İsrail Gazze şehirlerine yönelik ölümcül saldırılarına neden devam edecek?

İsrail'in Hamas tünellerinin etkilerini bertaraf edebilmesi için uzun ve yıpratıcı bir şehir savaşı muhtemel görünüyor. Ancak kamuoyu desteğini sağlam tutmak kolay olmayacak.

Geçtiğimiz hafta boyunca Gazze'deki çatışmaların her iki tarafından da çarpıcı haberler, iddialar ve videolar geldi.

Hafta, İsrail ordusunun Filistinlilerin iç çamaşırlarına kadar soyularak şehir yıkıntıları arasında yürütüldüklerini gösteren birkaç video yayınlamasıyla başladı. İsrail'in PR makinesi Filistinlilerin tepkisini görmezden geldi.

Birçok Filistinli ve bağımsız gözlemci bu kişilerin savaş kanunlarına aykırı bir şekilde alenen aşağılanan siviller olduğu konusunda ısrar etse de İsrail ısrarla bu kişilerin Hamas savaşçıları olduğunu ve sözde toplu teslim olmalarının Filistinli grubun sonunun yakın olduğunu gösterdiğini iddia etti.

Hamas ise her zamanki gibi davasını, İsrailli işgalcilere karşı sürekli ve sayısız başarılarını teyit ettiğini iddia eden ve çoğunlukla zırhlı araçlara vurulan darbeleri gösteren video yayınlarıyla (istenen etkileri arttırmak için ustalıkla kurgulanmış) desteklemeye devam etti.

Ardından İsrail'i şaşkına çeviren ve Hamas'ın çöküşün eşiğinde olduğuna dair resmi söylemine büyük bir soru işareti ekleyen haberler geldi. Önce Salı günü Gazze'nin Şucaiye mahallesinde düzenlenen tek bir operasyonda dokuz İsrail askeri öldürüldü. Bu şoku Cuma günü bir başkası izledi ve İsrail ordusu ellerinde beyaz bayrak olmasına rağmen düşman zannettiği üç İsrailli esiri öldürdüğünü itiraf etti.

Peki Gazze'de gerçekte neler oluyor?

Haftalar önce tahmin edemediğimiz bir şey değil: Savaş, kazanımların küçük ve yavaş, kayıpların ise büyük olabildiği tam ölçekli şehir savaşının zor, öngörülemez ve kanlı bir aşamasına girdi.

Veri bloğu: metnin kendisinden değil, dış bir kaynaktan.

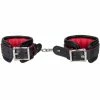 Budget 💯 Bondara Black Faux Leather Red Suede Padlocked Handcuffs 👍 2 Budget 💯 Bondara Black Faux Leather Red Suede Padlocked Handcuffs 👍 -Bondage props Sale unnamed file 193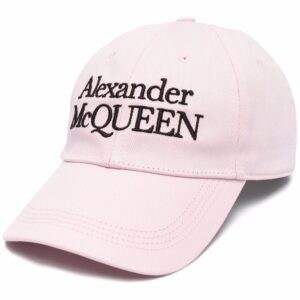Alexander McQueen embroidered logo cap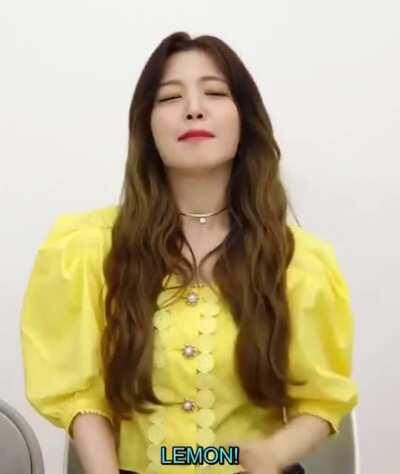 Yeonhee insists on being a lemon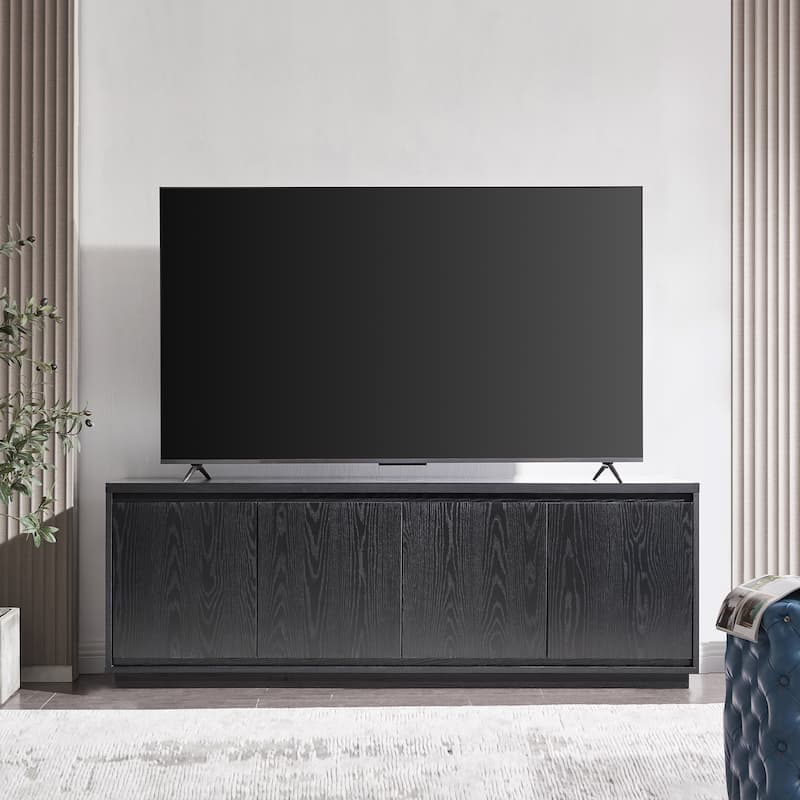 Presque Rectangular TV Stand for TV's up to 75" - Black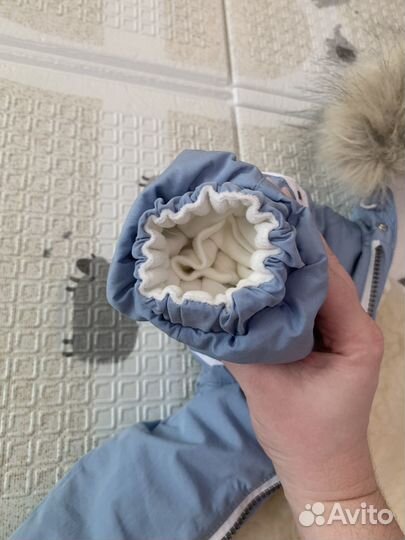 Комбинезон-конверт зимний, демисезонный 68-74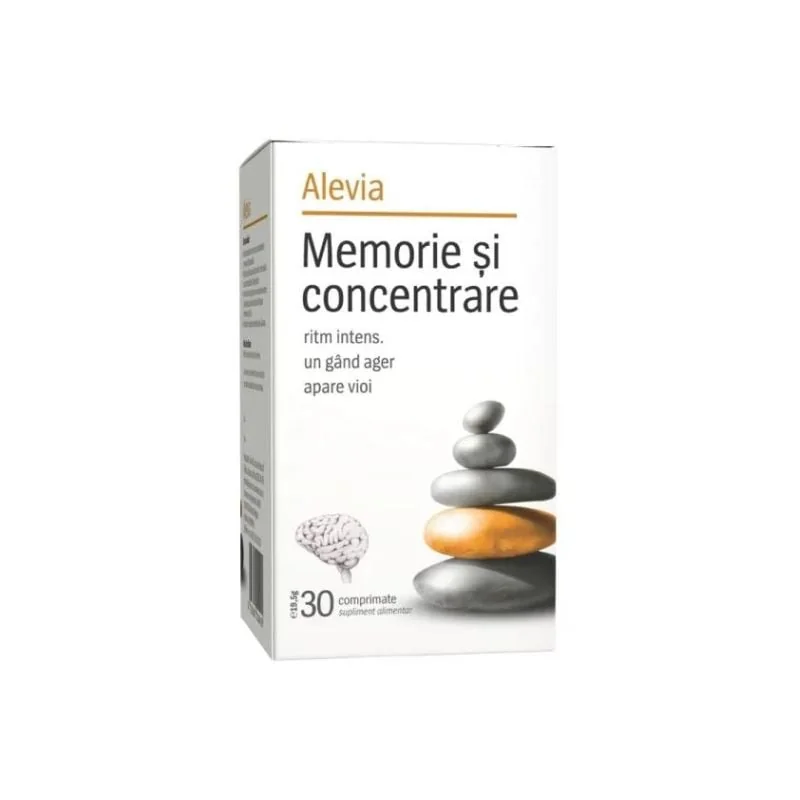 Memorie Și Concentrare, 30 Comprimate, Alevia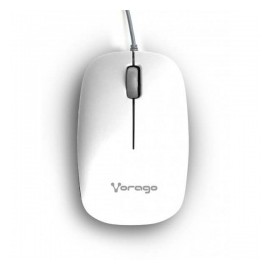 Mouse Vorago Óptico MO-206, Alámbrico, USB, 2400DPI, Blanco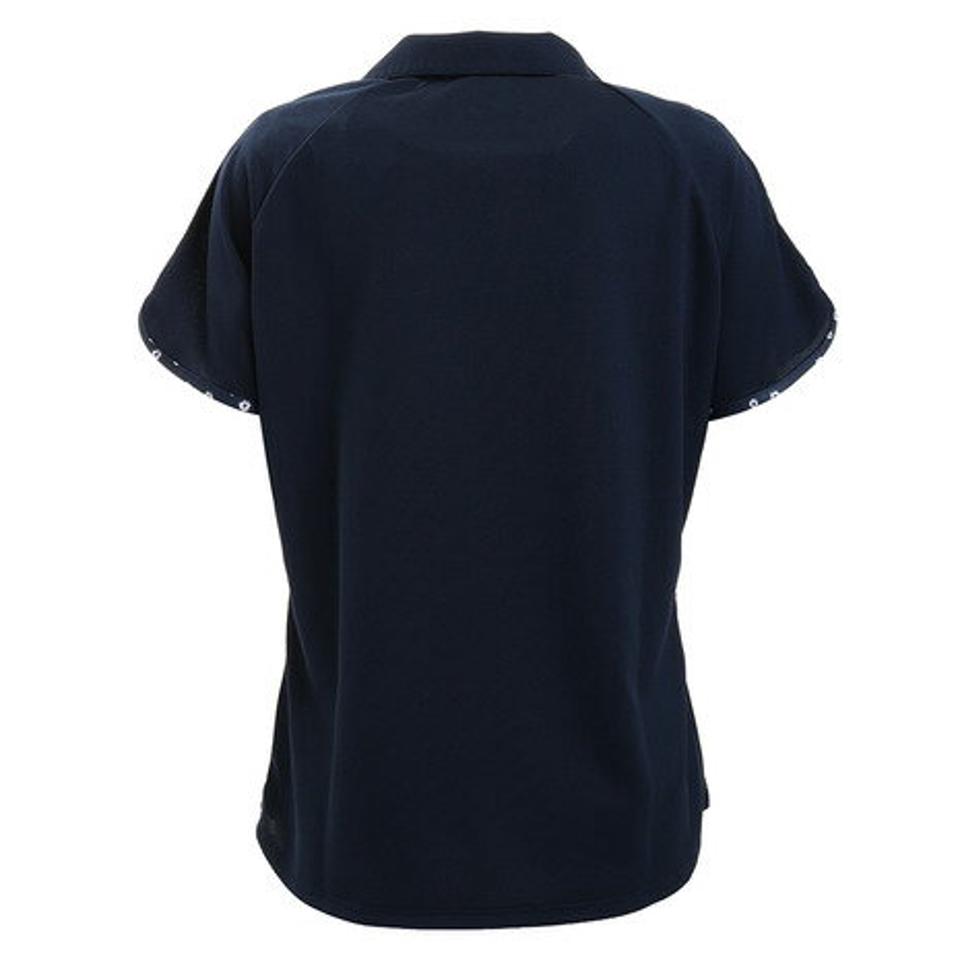 ウィッテム(HUITIEME) テニス プリンテッド 半袖ポロシャツ HU20S03LS733006NVY 【吸汗速乾/UVカット】 (レディース)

Eski şehirlerin dar ve sıkışık sokaklarında savaşmanın, savaşın en zor yönlerinden biri olduğu bilinmektedir. Klasik askeri teori, ana kuvvet ilerlemeye ve toprak almaya devam ederken, savunulan şehirlerin sadece direnişçilerin kaçmasını önleyecek kadar güçlü birlikler tarafından kuşatılmasını ve ablukaya alınmasını öngörür.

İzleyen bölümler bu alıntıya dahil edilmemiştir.